**Data supplied**
Segment Open

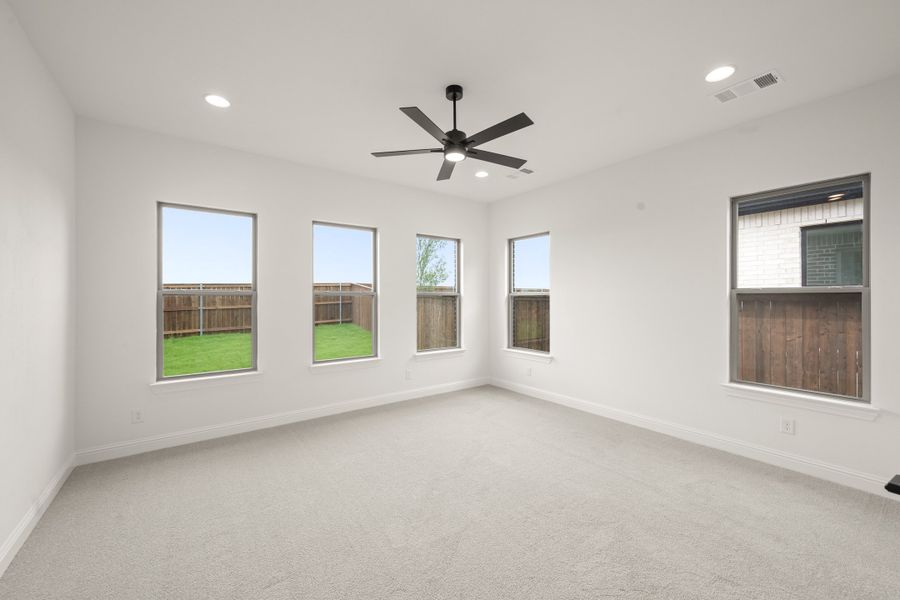Spacious, unfurnished interior of a new home in Bridgewater, Midlothian (Image 17). Spacious, unfurnished interior of a new home in Bridgewater, Midlothian (Image 17).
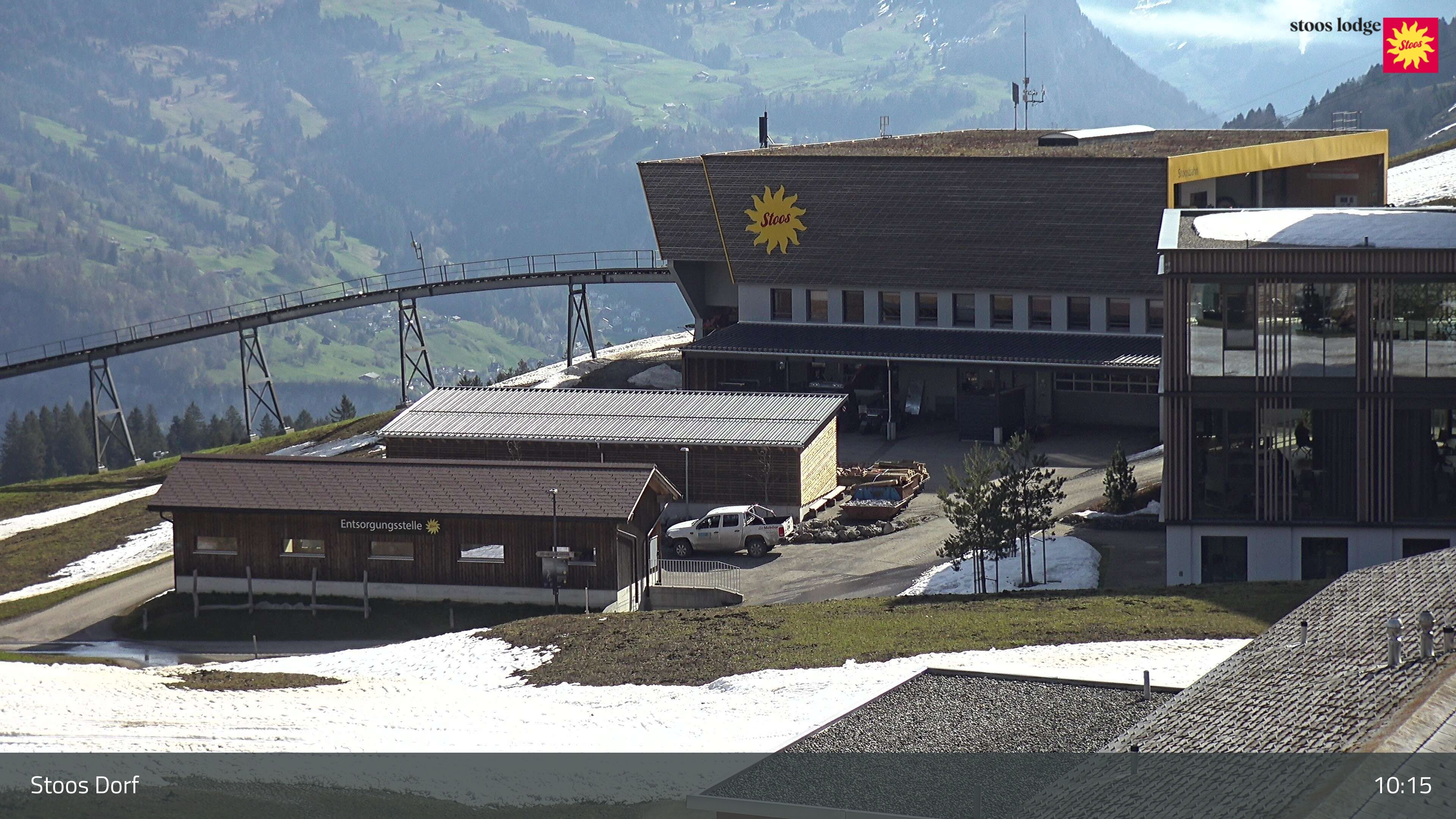 Stoos SZ: Stoos - Stoos Dorf, NEUE BERGSTATION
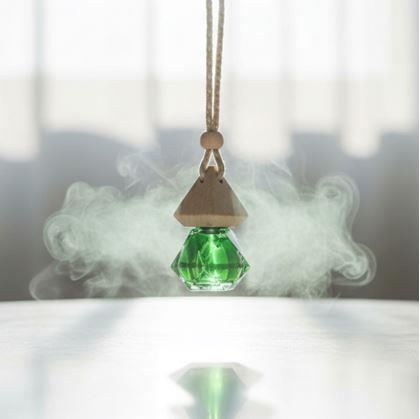 Obrázek z Aroma lahvička do auta - zelená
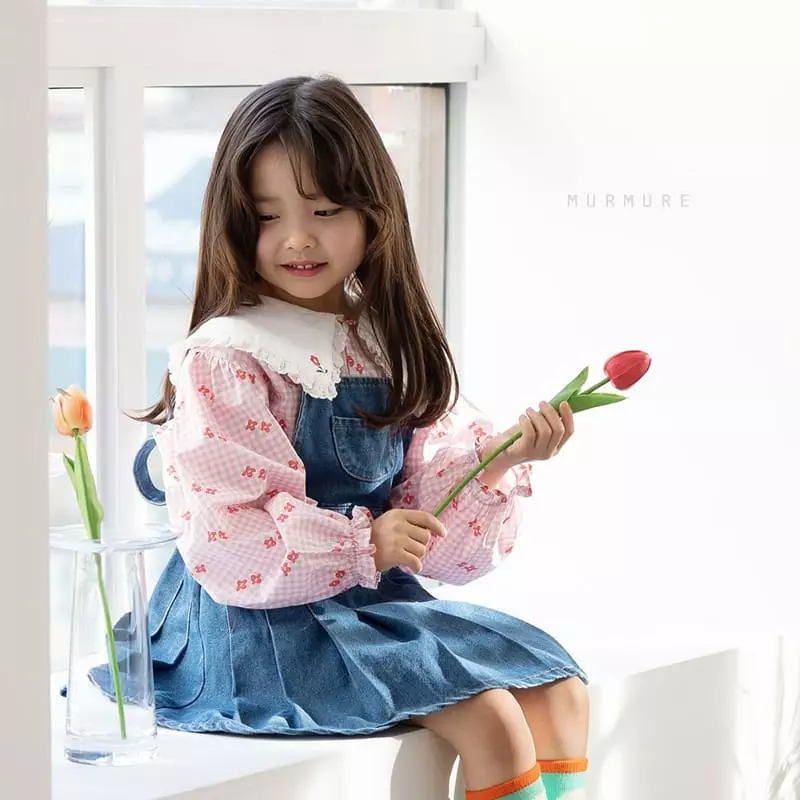 Murmure - Korean Children Fashion - #littlefashionista - Dungarees Skirt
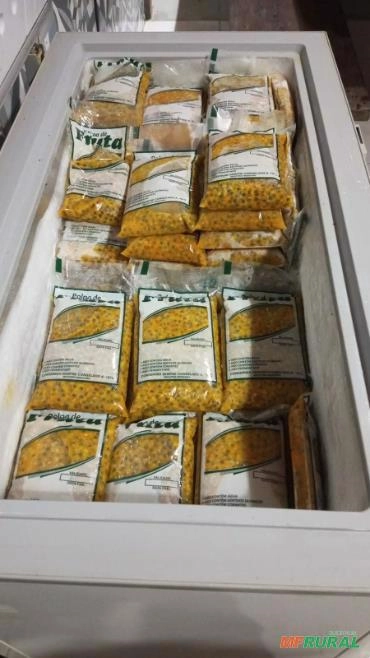 Polpa de Maracujá com Sementes Imagem Polpa de Maracujá com Sementes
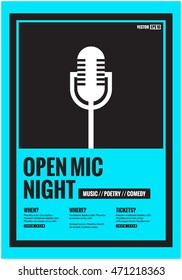 1,144 Stage for open mic nights Images, Stock Photos & Vectors ...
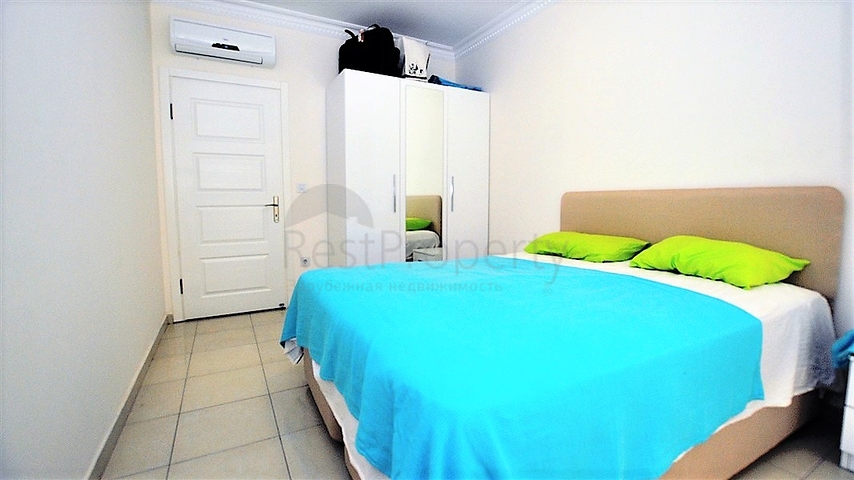 Меблированная квартира планировки 1+1 в Махмутларе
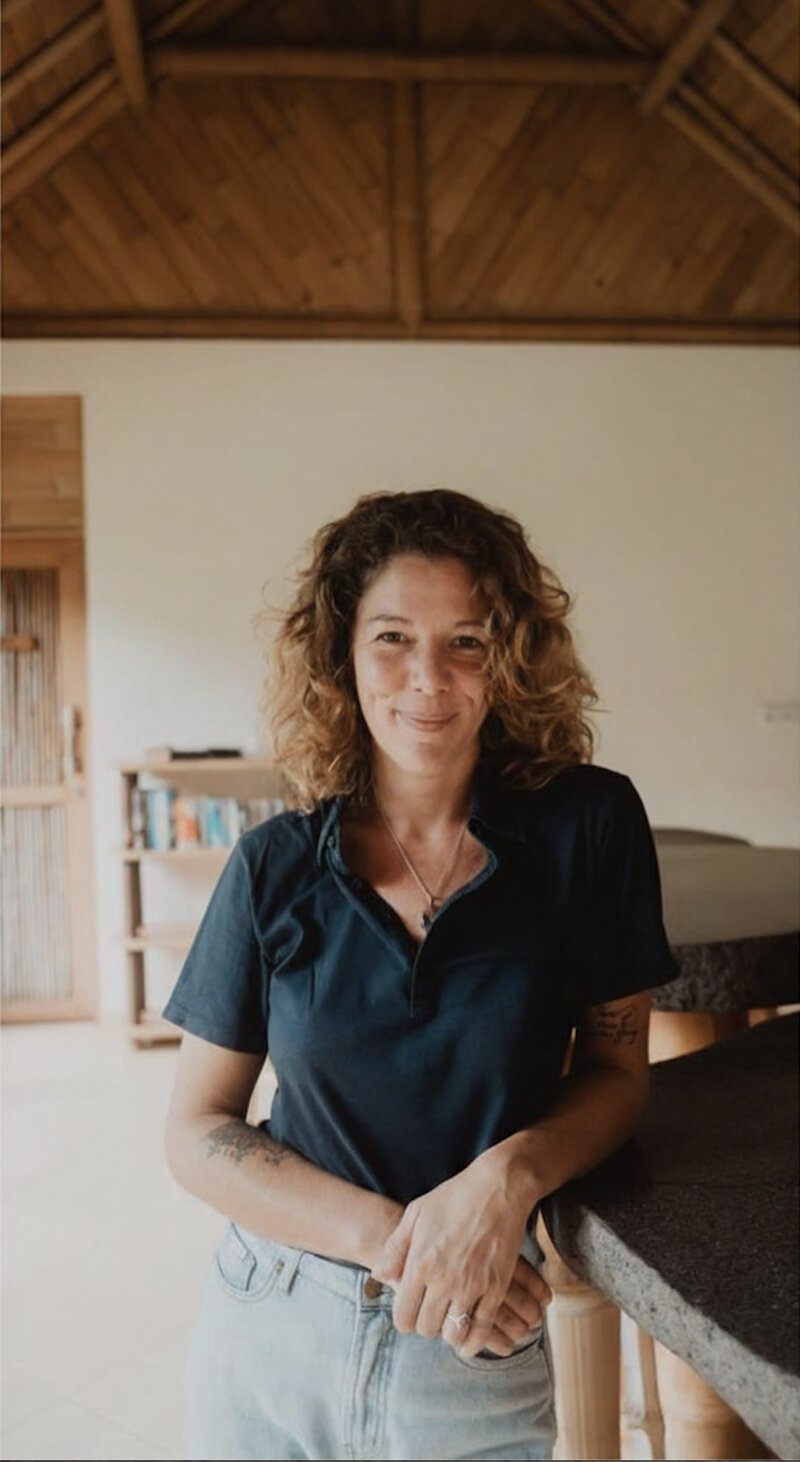 Christine Schöner, founder of Roots & Wings Hospitality Training & Consulting in Sumba, Indonesia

Segment Closed

The pictures stay out; repeat exactly the lines from the one with "Polpa de Maracujá com Sementes Imagem" to the end of the entries above, and nothing else.

 Polpa de Maracujá com Sementes Imagem Polpa de Maracujá com Sementes
 1,144 Stage for open mic nights Images, Stock Photos & Vectors ...
 Меблированная квартира планировки 1+1 в Махмутларе
 Christine Schöner, founder of Roots & Wings Hospitality Training & Consulting in Sumba, Indonesia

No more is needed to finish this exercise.